MITER: Who were your investors? And how did you get them to invest?

SRK: RRE, First Round Capital, Founder Collective, Betaworks, General Catalyst...a whole bunch of angels...all incredible people. Like everything else, you've got to create a relationship and having conversations that aren't just about money. When you're talking to these people, yes, you want money from them, but more so, you want their time, you want their energy, you want their interest in what you're working on. Engage prospective investors in the problems you're solving, have them make suggestions and introductions, and have them provide value in that way. Introductions carry a lot of weight, which makes it much easier to get to that type of investor that you really want.

MITER: Was your product out before you raised money?

SRK: The first version of the product was built, but we didn't release it until after we raised money.

MITER: That runs counter to the conventional logic that in consumer web you need to get traction before you can even begin thinking about raising money...

SRK: There are a number of things that are useful for raising money and there is no explicit checklist that's required. Traction: incredibly useful. An all-star team: incredibly useful. Previous experience: incredibly useful. We happened to find ourselves in the midst of a perfect storm of interest around location and social. Foursquare created an incredible amount of appetite for startups in this area.

I remember having a discussion with our lead investor from RRE, Will Porteous, about this very question. We had just finished building our product, and of course, we were all gung-ho about it and assumed that we'd launch it right away and that it would take off. I asked Will if it wasn't smarter to launch it and then raise money so that after some success we could get a better valuation.

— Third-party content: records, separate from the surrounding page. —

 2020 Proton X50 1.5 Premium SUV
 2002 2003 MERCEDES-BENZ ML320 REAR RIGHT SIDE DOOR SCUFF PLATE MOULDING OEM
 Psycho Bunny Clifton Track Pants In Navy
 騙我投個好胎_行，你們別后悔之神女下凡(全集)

Will teaches at the business school at Columbia University, in addition to being an investor, and he quoted one of his old HBS professors when he said, "The time for eating shrimp is when they are serving shrimp." The idea being, there's money to be had today, you have no idea about tomorrow, so you don't get to choose. Turning down the money already on the table is a risk.

Also, raising money on the promise is very different than raising money on traction. If we launched the product right away and it got great traction, it wouldn't have been wise of us to raise money early. However, that would have put us in a position where it just had to take off.

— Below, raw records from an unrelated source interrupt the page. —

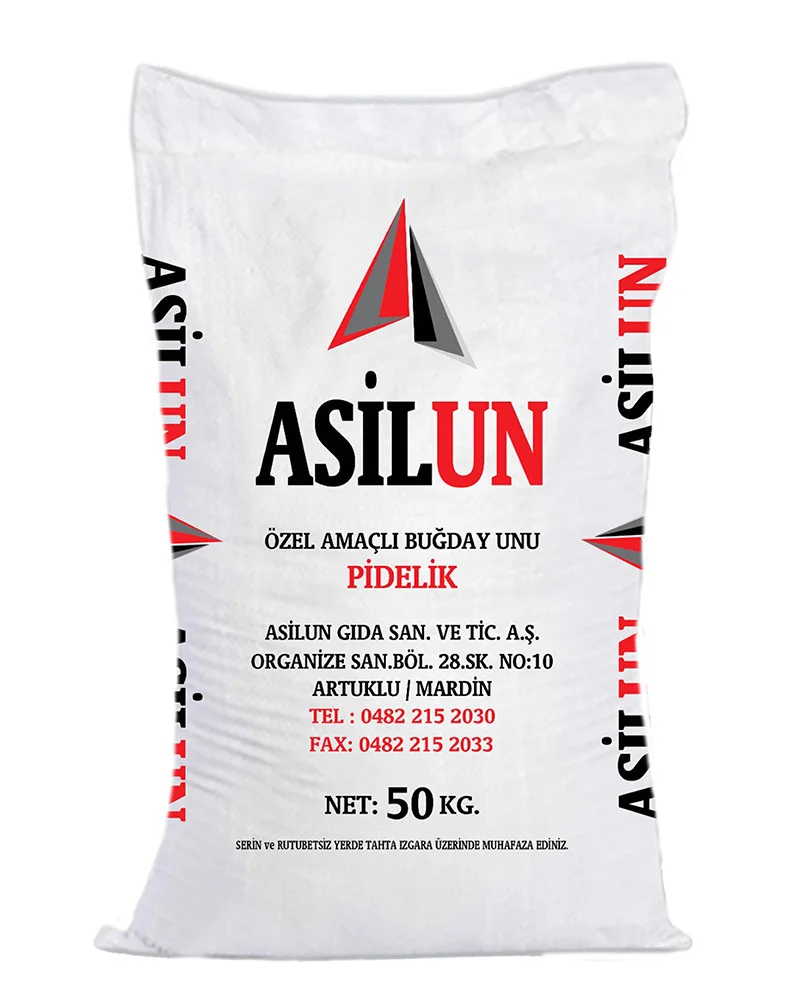 Pita Flour — Asil Un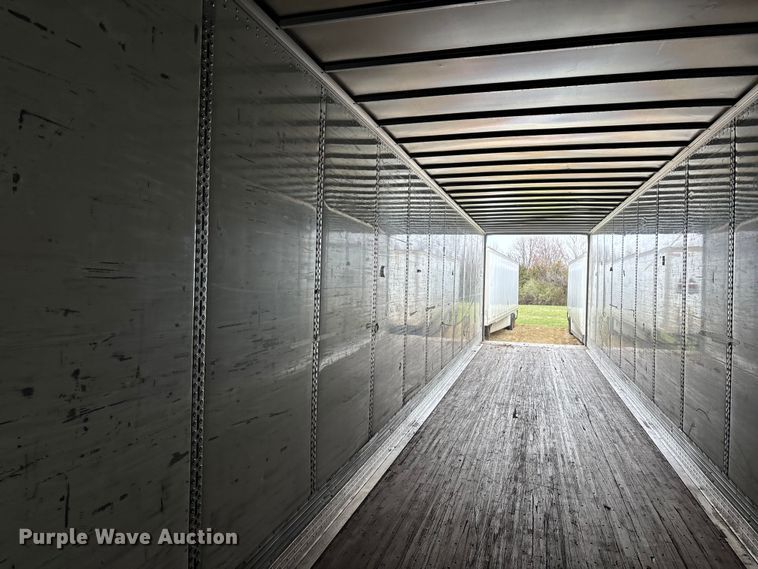 image for item FG0145 2013 Wabash National DVLSHPC dry van trailer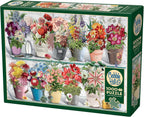 Beaucoup Bouquet - 1000 Piece Jigsaw Puzzle (Cobble Hill)
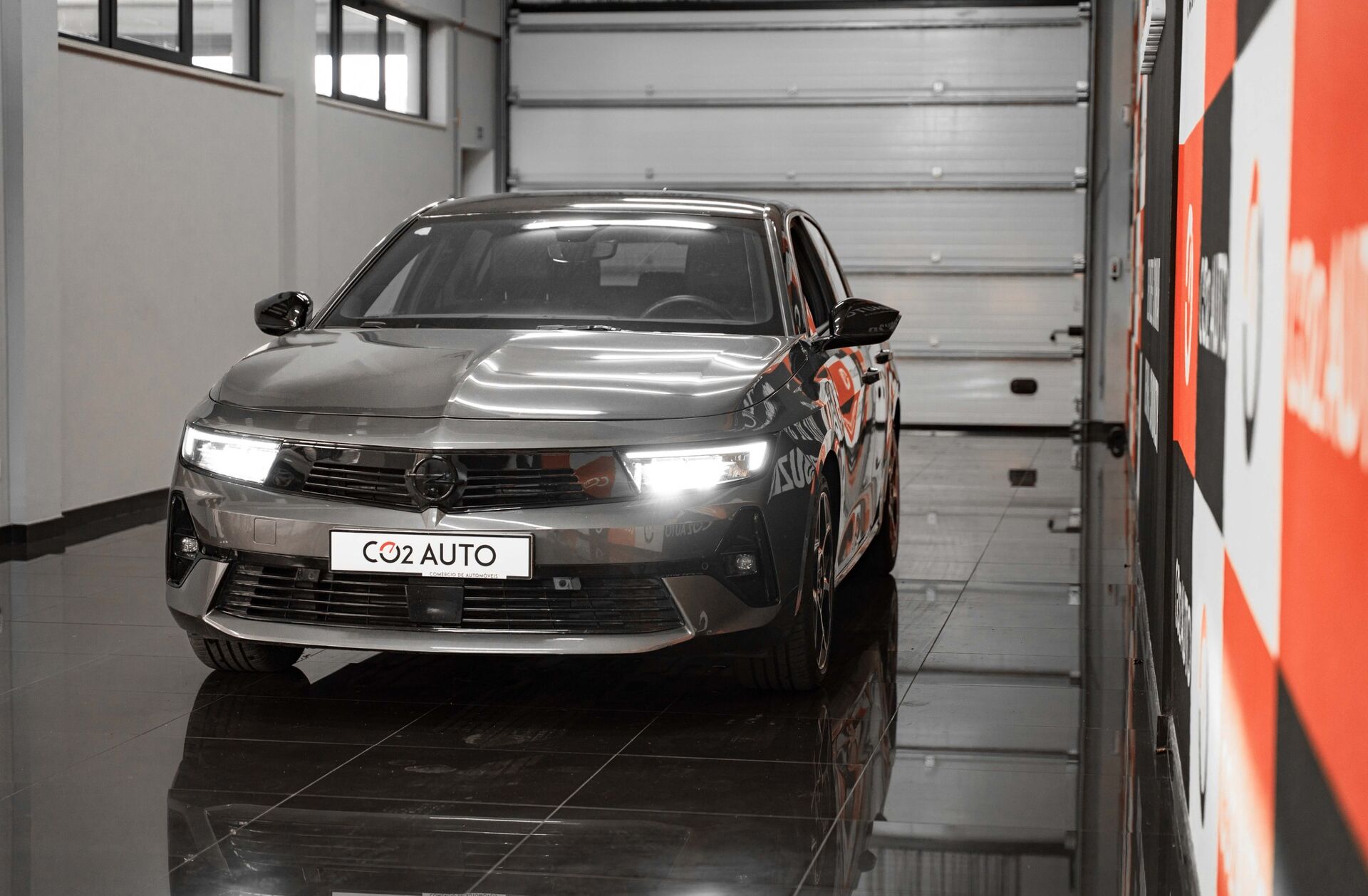 OPEL Astra 1.5 D GS Aut.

The best position to be in is when you don't take money just for the sake of money. When you're evaluating venture capitalists because you need some dollars, that's a bad situation. A lot of people have money. You need to be evaluative of venture capitalists on the basis of what else they can do for you -- their experience and connections. If your company depends on, say, the movie industry and your investors have movie industry connections, that will help you be successful. These are the people you want to take money from. You take money from them in order to incent them to help you. That's why you're taking money from them. If it's just about the money, you've lost a tremendous opportunity to create allies.